# Thermal conductivity value of (.17-.20)W/m.K

1. Feb 9, 2012

### pityocamptes

I was hoping someone could help me with a project I am doing. I have contacted a manufacturing company thatmakes thermal wrap material, and I need to see if this will work for my project. According to the manufacturer the material is 1/16" thick - this info was also given to me by the manufacturer:

.17-.20 W/mK (1000 degrees C)

I'm basically just trying to figure out how this formula and the data given to me, applies in the real world? I basically need to know to what extend thermal leakage will happen with the material. So if I have a pipe with 1000 degrees F flowing through it, and the pipe is wrapped with this thermal material, how much heat will actually be coming off the material into the surrounding environment. Basically what would the surface temperature of the thermal material be? Hope that makes sense. Thanks!

2. Feb 9, 2012

### 0xDEADBEEF

This is a bit tricky due to convection. It works like this:

The power going out of the pipe is (if the insulation is not very thick):
$$P=0.2 \frac{A \Delta T}{d}$$
Where A is the surface area in sqare meters ΔT is the temperature difference in Celsius or Kelvin and d is the thickness of the wrapping (if it was tightly wrapped). The outside temperature depends a lot on how much power the air can carry away. When the pipe gets hot enough there wil be quite a bit of thermal radiation $$P=A \sigma T^4$$ where σ is the Stefan-Boltzmann constant, A is the surface area and T is the temperature in Kelvin. So you could calculate at what outside temperature the power going out of the pipe is radiated away at the same time. This only works for high temperatures and tight wrapping though, which is probably not what you want, but it would give an upper temperature limit.
For "normal" temperatures most of the heat is carried away by convection -- the flow of the rising air around the warm pipe, which is very hard to calculate, so usually this quantity is measured. Additionally if you wrap your pipe not very tight the trapped layers of air will help to improve the insulation considerably.

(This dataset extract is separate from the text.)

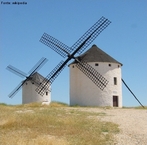 Um moinho  uma instalao destinada  fragmentao ou pulverizao de materiais em bruto, especificadamente gros de trigo ou de outros cereais, por meio de ms. Imagem do Campo de Criptana na Mancha - Espanha.  </br></br>  Palavras-chave: Moinho de vento. Energia. Agricultura. Cereais. Trigo. Gros. Espanha.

To make a long story short, you cannot really calculate this stuff all that well, and you have to rely on "best pratices". There is a bit about this in the wikipedia article: http://en.wikipedia.org/wiki/Pipe_insulation and in the end they have some links to free programs to calculate this stuff but to quote wikipedia: Equations for calculating this are based on empirical results and vary from standard to standard (both ASTM C 680 and EN ISO 12241 contain equations for estimating surface coefficients of heat transfer)

I hope that this helps a bit.

3. Feb 9, 2012

### pityocamptes

Thanks! I'll probably just order the material and experiment a little.